I would happily support DRM that actually cared about customers' rights. I want the guarantee that, like physical media, DRM-protected content will be available in the far future. Blu-ray already fails this test, and I only purchase Blu-rays to strip the DRM and save a long-term format. I want the ability to gift, loan, or sell any media that I possess the rights to. I don't want to possess merely a ticket which grants me admittance to content for a limited time, under limited conditions, subject to the dissolution of whatever producer, licencor, or operator manages the DRM scheme.

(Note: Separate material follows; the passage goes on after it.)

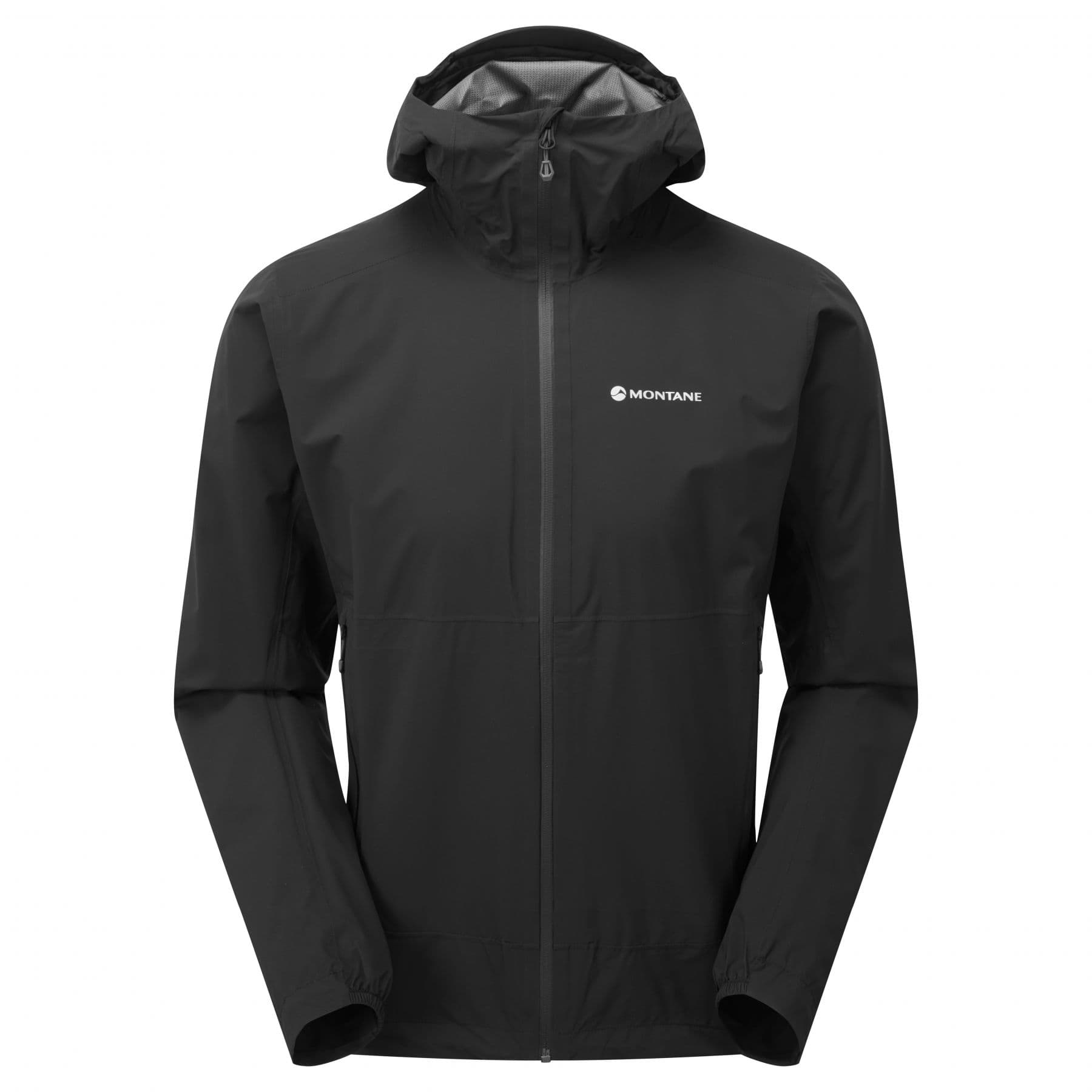 Montane Minimus Lite Jacket, kuoritakki, miesten, musta – Montane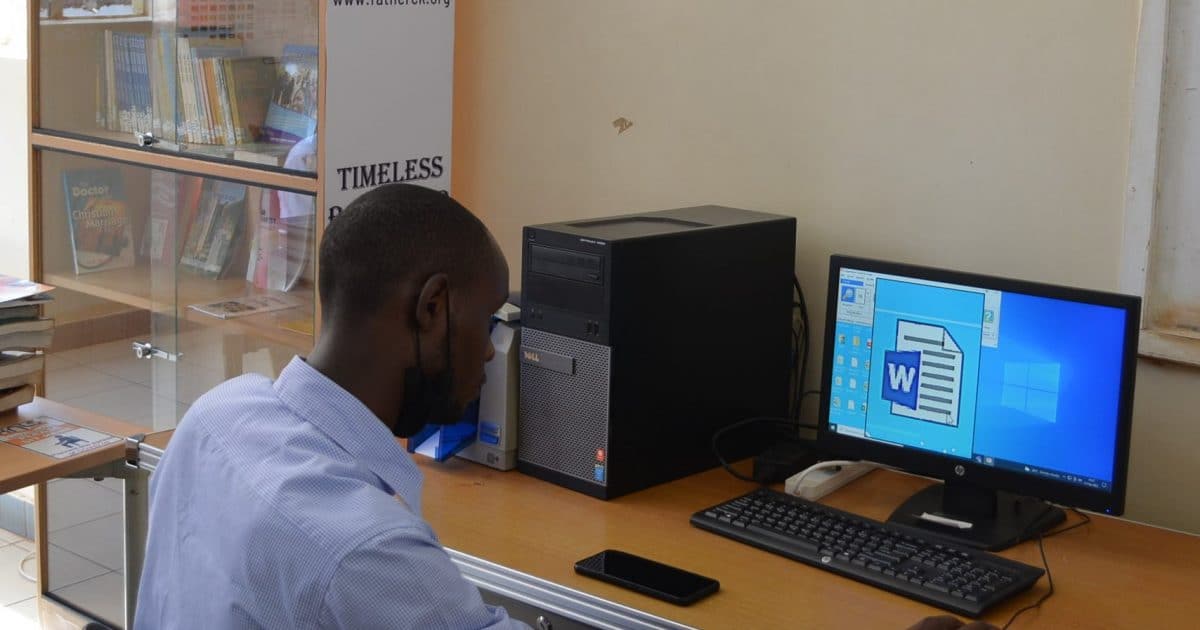 Специален Софтуер ще помага на хората с увредено зрение в Кения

Because piracy has absolutely no effect on 99% of customers I am fairly certain that what content producers/licencors truly fear is "casual piracy" and fair use like loans and libraries where market forces drive the resale cost of digital media down to its natural price in the free market.
It's perfectly natural to resist inferior DRM schemes by refusing to make them standard. If you want me to support an open DRM standard then it needs to be capability based with normal customers like you or me represented as first class owners of those capabilities and implement a durable scheme for transfer of those capabilities into the indefinite future.
For example, consider a ownership-based scheme where producers issue N digitally-signed capabilities to a particular copyrighted work and sell them to customers on an electronic marketplace. Bitcoin has proven that it's possible to maintain a globally consistent transaction ledger of ownership of individual tokens, and a much cheaper implementation could maintain ownership and facilitate programmatic transfer of capabilities to digital works (to support sales, gifts, and even temporary loans) because the marginal value of acquiring more than one capability to the same work is zero and so there will be little need to spend gigawatts of electricity maintaining the blockchain against adversaries. The copyrighted work doesn't even have to be encrypted. Just make standards-compliant devices/software require current ownership of a capability to use the work. Yes, this is an easily defeated scheme for pirates, but so is every other DRM scheme. At least this respects individual property rights, the first sale doctrine, fair use, and libraries for the vast majority of users.